NASA ION Training Course — Interplanetary Overlay Network
ION is NASA's implementation of the Delay/Disruption Tolerant Networking (DTN) protocol - designed for communication in environments where signal delays and disruptions make standard internet protocols unworkable. The challenge was to design a modular five-day training course curriculum and develop an example module to demonstrate the format, depth, and approach.
This was the most demanding challenge I completed, because it required building understanding from nothing. Each layer of new concepts and acronyms revealed three more requiring investigation. That process put me in a position close to the learners I was designing for - and made it possible to construct something that builds knowledge progressively, using analogies, worked examples, and definitions that genuinely helped. I also proposed an alternative applied scenario: an IoN-based weather station placed in Jupiter's Great Red Spot, to help students appreciate the possibilities that follow from mastering the protocol. NASA purchased the infographic developed as part of the course materials.

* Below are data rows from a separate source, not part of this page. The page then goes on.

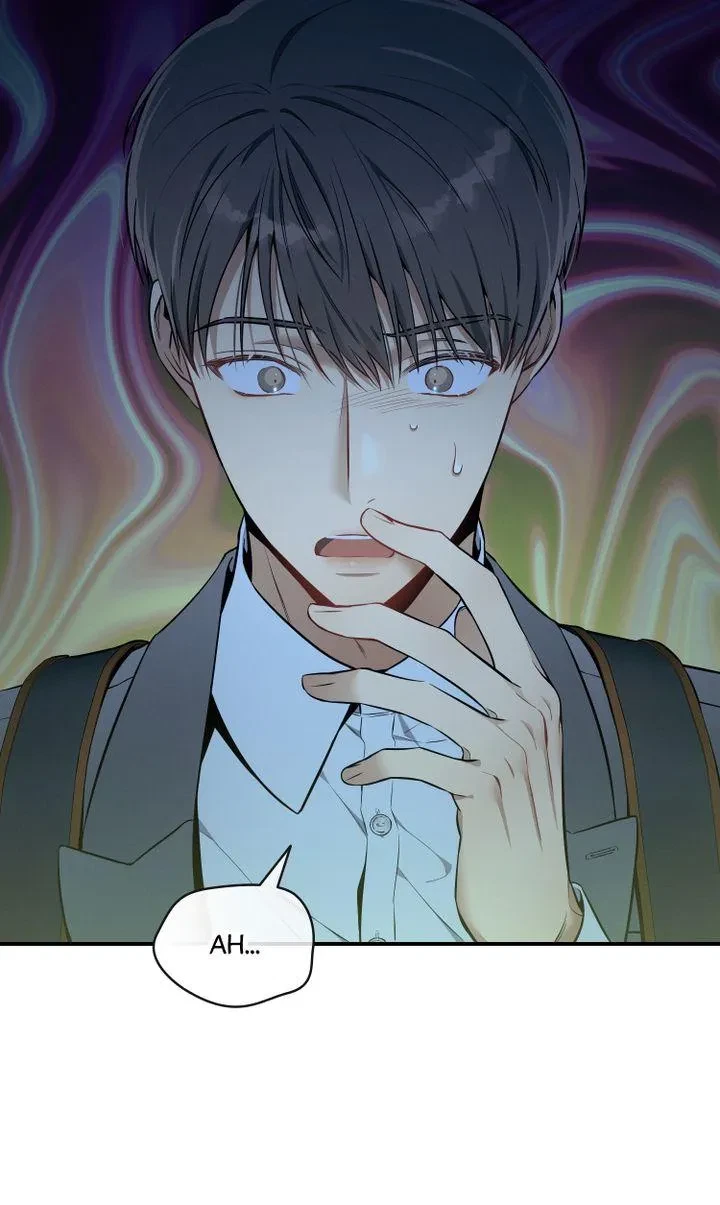 Chapter 21, page 80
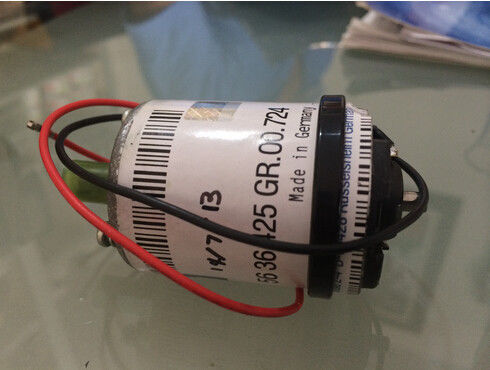 Fuji Frontier 550 570 Minilab เครื่องตัดชิ้นส่วนอะไหล่ ผู้ผลิต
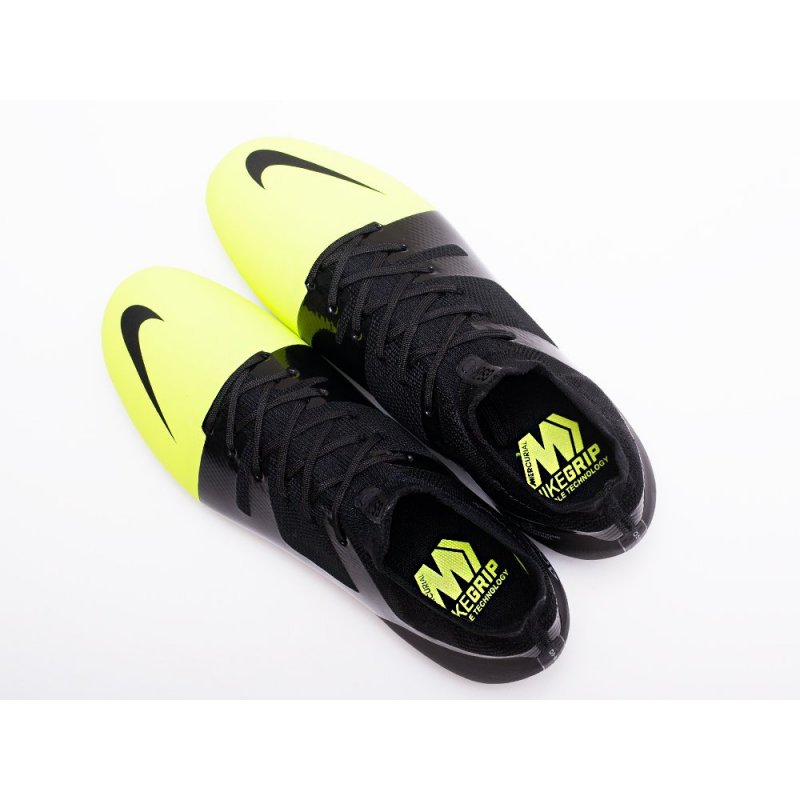 Футбольная обувь Nike Mercurial GS360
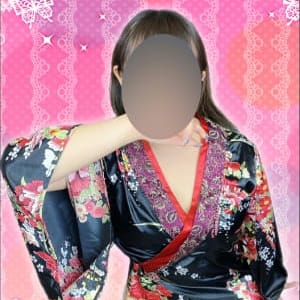 ほたる | 零(町田)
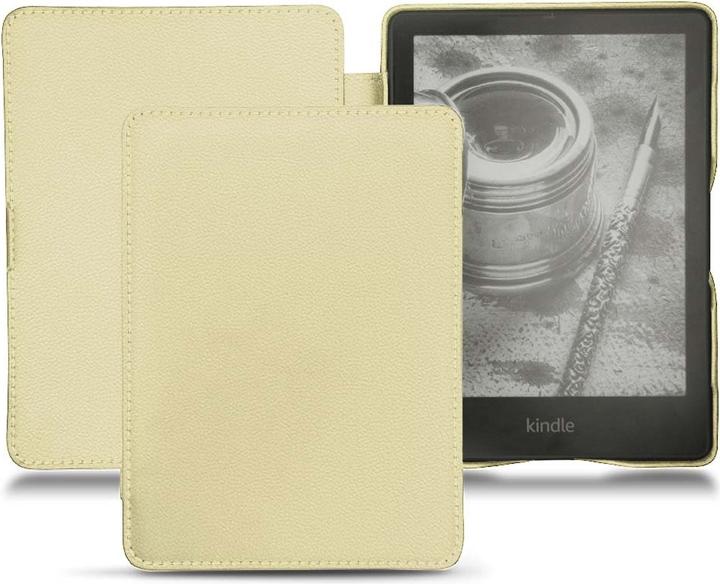 Beige PU ( Pantone #ceb888 )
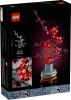 LEGO Botanicals 10369 Szilvavirág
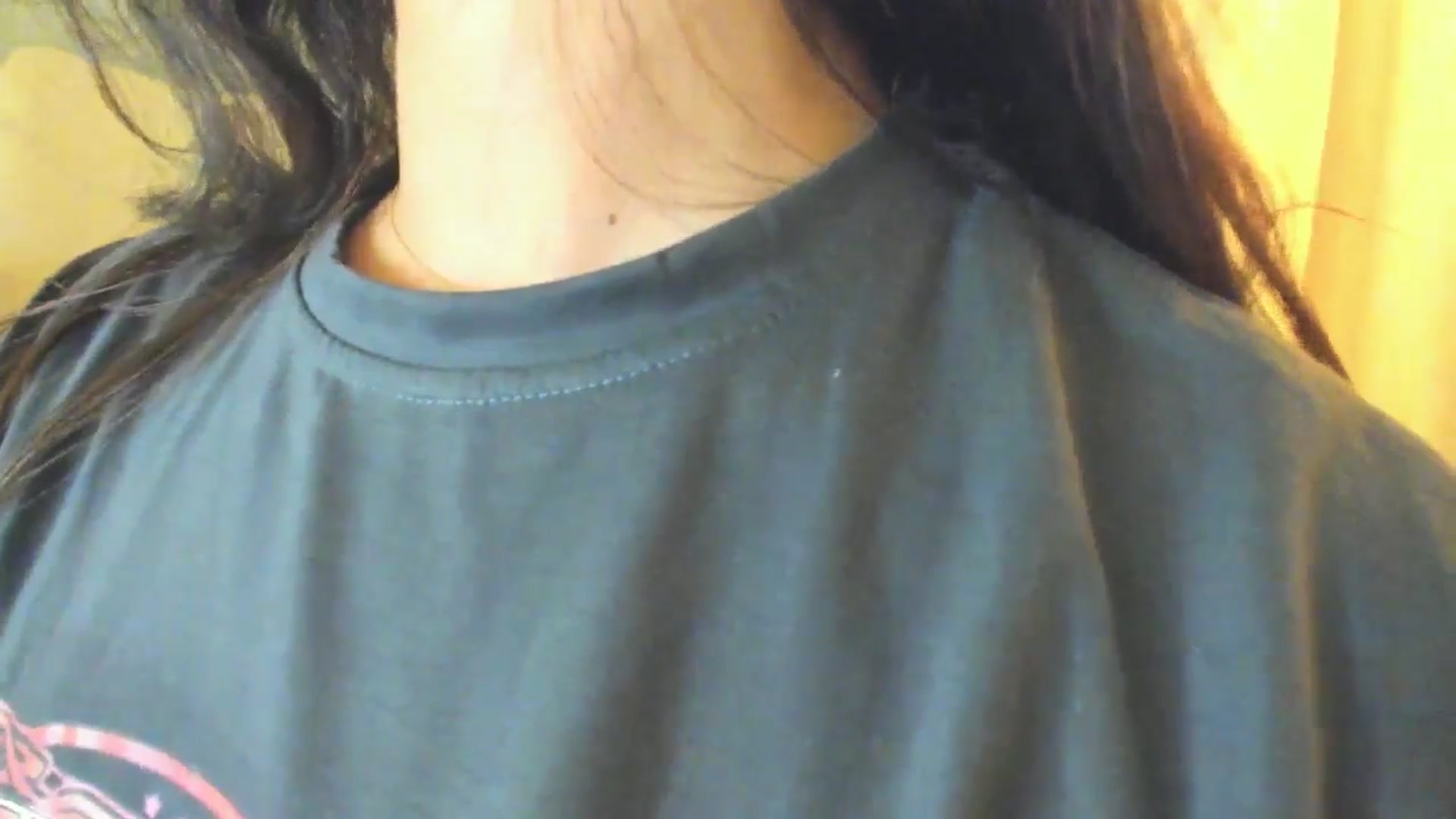 Gallery image thumbnail from Eve___'s myfreecams stream on, 03/28/2025, 17:07 image 9 of 20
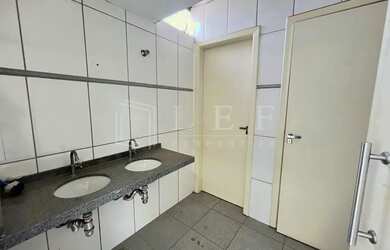 Imagem 15: Estrada Tenente Marques, Santana de Parnaíba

NASA GrabCAD Regolith Sampling Challenge
NASA sought a lightweight, low-power sampling system capable of collecting and sorting lunar regolith for return to Earth - prioritising rocks in the 1-2 cm range while filling remaining volume with fines, all within tight mass, power, and thermal constraints. The system had to operate in hard vacuum across a temperature range of -140 to +80 degrees Celsius.
My design aimed at simplicity to reduce moving parts and maximise robustness. The sampler works by being moved along the ground, allowing only rocks under 2 cm to enter at the front. Collected material passes over a sifting grate separating 1-2 cm rocks from fines, with a weighing station determining when the minimum 1-2 cm rock quota has been met. The container rotates during depositing to create layered, spiralling distributions. Final mass: 0.354 kg. Power draw: 1.14 watts.
"The use of a mesh for filtering was interesting and well-received by the team. The openness of the design allows for great visibility during sample collection and filter operations. The detailed documentation, including a narrated video of testing, was highly appreciated by the team." NASA
NASA MarsXR Challenge — Extravehicular Activity Training Storyboard
This challenge sought storyboards for new assets and scenarios within NASA's Mars XR Operations Support System (XOSS) environment - training simulations for situations astronauts will encounter on Mars. The emphasis was on realistic, practically useful scenarios that prepare trainees for conditions they are likely to face.
My winning entry proposed a two-part scenario built around collaboration and unanticipated events. Part one involves unbogging a rover - a task requiring co-ordination between two astronauts through hand signals, shared problem-solving, and real-time adjustment. Part two begins immediately after: the fellow astronaut becomes unresponsive, and the agent must locate them, move them into recovery position, check vitals via a wrist monitor, and call for help. The scenario was designed to address a known issue in long-duration missions - the decline in collaborative and creative task performance over time - by training under compound, unexpected conditions.